Dirga mau buka suara, tapi derit pintu terbuka memaksanya menelan semua kata. Dia melongok, sedikit mencondongkan badannya ke samping sebab terhalang oleh Nadia. Gadis itu pun menoleh, ingin tahu siapa yang datang. Senyumnya merekah ketika tahu yang masuk adalah mereka yang ingin Nadia temui.

Rona bahagia Nadia berbanding terbalik dengan reaksi Dirga. Laki-laki muda itu justru berdecih, memalingkan wajah. Kalau saja tak akan berdampak buruk misal mereka diusir, tentu Dirga sudah melakukan itu dari tadi. Tetapi, sekarang hatinya Cuma bisa menahan gumpalan emosi.

Nadia turun dari tepi ranjang, secara refleks membenahi pakaian seragamnya yang agak berantakan. “Selamat pagi, Om, Tante,” sapa Nadia.

“Oh sepertinya benar dugaan kita, Pa,” selidik seorang wanita paruh baya yang dipanggil Tante oleh Nadia. Wanita itu meminta persetujuan suaminya, atas asumsi atau entah dugaan apa yang mereka bicarakan.

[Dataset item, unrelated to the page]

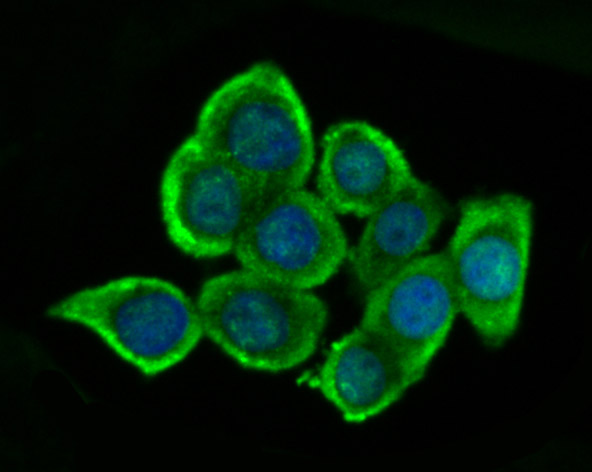 Glutathione Synthetase Rabbit mAb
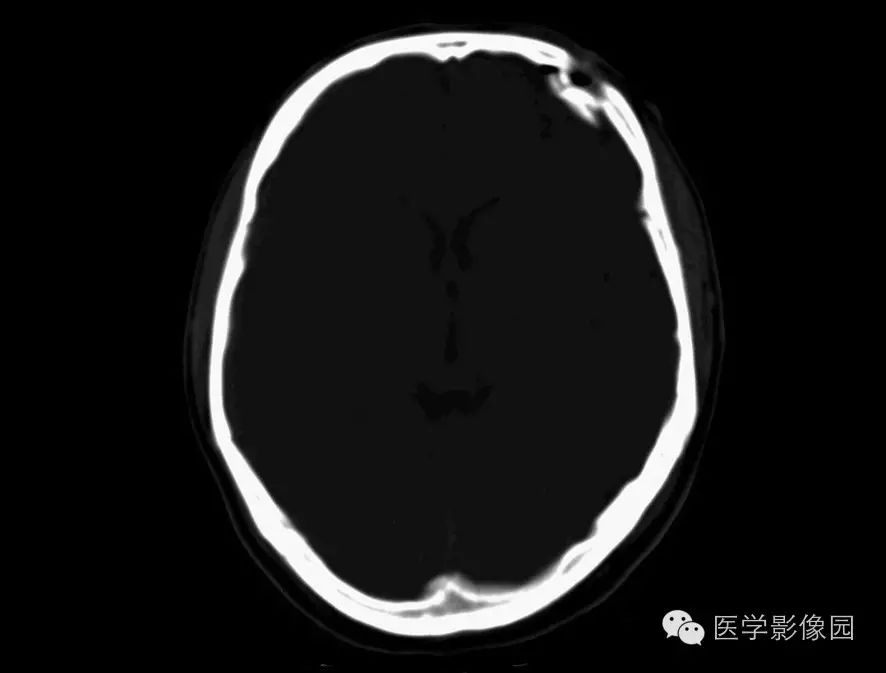 额窦,筛窦积液常见于前颅窝骨折,蝶窦积液可能为中颅窝骨折,乳突气房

“Ada apa sih, Ma, Pa?” sergah Dirga.

Nadia memandangi ketiga orang di kamar itu bergantian, benaknya bingung.

Senyum mama Dirga kurang menyenangkan bagi Nadia. Entah mengapa, senyum yang seperti itu kerap dia lihat, bahkan seperti setiap waktu ketika bertemu dengan orang tua Dirga. Nadia merasa orang tua Dirga tidak menyukainya, tetapi Nadia tak pernah berani mengatakan pendapatnya di depan Dirga. Entah mengapa, Dirga selalu bisa meyakinkan bahwa orang tuanya tak pernah keberatan atau mengatakan sesuatu tentang Nadia.

Tak jarang Dirga bercerita, kalau mama dan papanya bertanya tentang Nadia. Seolah-olah, keduanya suka anak mereka berhubungan dengan Nadia. Dalam kata lain, tidak masalah bila Nadia dan Dirga berteman dekat. Akan tetapi, sorot mata dan ekspresi mama Dirga, tak pernah menyenangkan di mata Nadia. Perbedaan sikap yang bertolak belakang itu seringmembuat Nadia berpikir, tapi tak juga menemukan jawaban.

Senyum kecil terlihat lagi di bibir mama Dirga. “Suruh Nadia pergi, Dir. Atau papamu yang akan menyeretnya keluar.”